Чем больше размышляем мы по этому вопросу, тем более увеличивается в наших глазах дистанция между чистыми ощущениями и самыми несложными знаниями; и невозможно себе представить, как мог человек, только своими силами и без помощи общения с себе подобными и не подстрекаемый необходимостью, преодолеть столь большое расстояние. Сколько веков, возможно, протекло, прежде чем люди оказались в состоянии увидеть иной огонь, кроме небесного! сколько понадобилось им разного рода случайностей, чтобы научиться самым обычным способом пользоваться этою стихией! сколько раз погасал он у них, прежде чем они постигли искусство разводить его вновь! и сколько раз, быть может, каждый из секретов этих умирал вместе с тем, кто открывал его! Что же сказать нам о земледелии, искусстве, которое требует столько труда и столько предусмотрительности, зависит от столь многих других искусств, которое, вполне очевидно, может применяться только в обществе, хотя бы недавно возникшем, и служит нам не столько для того, чтобы добывать из земли ту пищу, которую земля исправно доставляла бы и без него, сколько для того, чтобы заставить ее производить предпочтительно то, что нам более всего по вкусу?

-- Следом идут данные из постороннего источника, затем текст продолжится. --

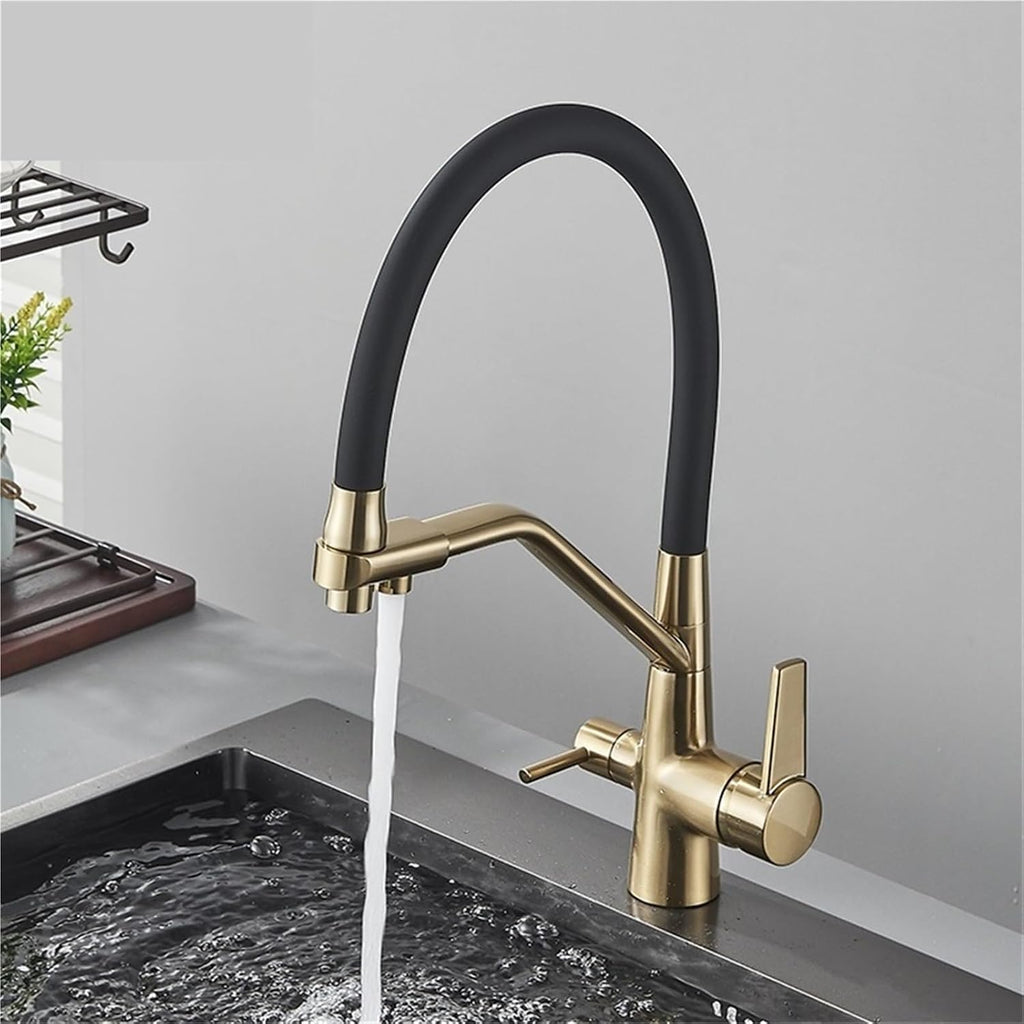 Filter Kitchen Faucet 360 ° Rotation Purification Kitchen Tap Household Sink Washing Faucet(Brushed gold)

Но предположим, что люди размножились настолько, что продуктов природы оказалось бы уже недостаточно, чтобы их прокормить, – предположение это, отметим попутно, свидетельствовало бы, что этот образ жизни заключает в себе великую выгоду для человеческого рода. Предположим, что земледельческие орудия, без кузниц и мастерских, попали бы в руки дикарей, упав с неба; что люди эти побороли бы в себе смертельное отвращение, которое все они питают к продолжительному труду; что они научились бы предвидеть столь задолго свои потребности; что они догадались бы, как нужно обрабатывать землю, высевать семена и сажать деревья; что они открыли бы искусство молоть хлебные зерна и вызывать брожение в винограде – всему этому должны были бы их научить боги, потому что невозможно постигнуть, как могли бы они научиться этому сами, – кто после всего этого был бы столь безрассуден, чтобы выбиваться из сил, обрабатывая поле, которое будет опустошено первым же пришельцем – безразлично, человеком или животным, – которому приглянется эта жатва? И почему бы каждый решил проводить жизнь свою в тяжелых трудах, если он будет тем менее уверен в том, что получит вознаграждение за них, чем более будет оно ему необходимо? Словом, как может положение это побудить людей обрабатывать землю до тех пор, пока не будет она вообще разделена между ними, то есть пока не будет вообще уничтожено естественное состояние?
Если бы мы захотели предположить, что дикий человек столь же далеко ушел в искусстве мышления, каким нам представляют его наши философы; если бы мы, по их примеру, сделали его самого философом, самостоятельно открывающим возвышеннейшие истины, создающим себе путем целого ряда отвлеченных рассуждений принципы справедливого и разумного, основанные на любви к порядку вообще или на познанной воле Создателя его: словом, если бы мы предположили, что у него в голове столько же смысла, сколько в действительности там оказывается непонятливости и тупости, – то какую пользу извлек бы род человеческий из такого рода умственного развития, которое не могло бы передаваться от одного индивидуума к другому и умирало бы вместе с тем, кто проделал его? Каковы могли бы быть успехи рода человеческого, рассеянного в лесах среди животных? И до какой степени могли бы взаимно совершенствоваться и взаимно просвещать друг друга люди, которые, не имея ни постоянного жилища, ни какой бы то ни было нужды один в другом, встречались бы, быть может, не более двух раз в своей жизни, не узнавая друг друга и не вступая друг с другом в разговор?71
Подумайте, сколькими представлениями обязаны мы употреблению речи; как изощряет и облегчает грамматика действия ума; каких невообразимых усилий и какого огромного времени стоило впервые изобрести языки. Присоедините к этим соображениям предыдущие, и тогда судите сами, сколько тысяч веков потребовалось, чтобы развить последовательно в человеческом уме способность производить те действия, на которые он был способен.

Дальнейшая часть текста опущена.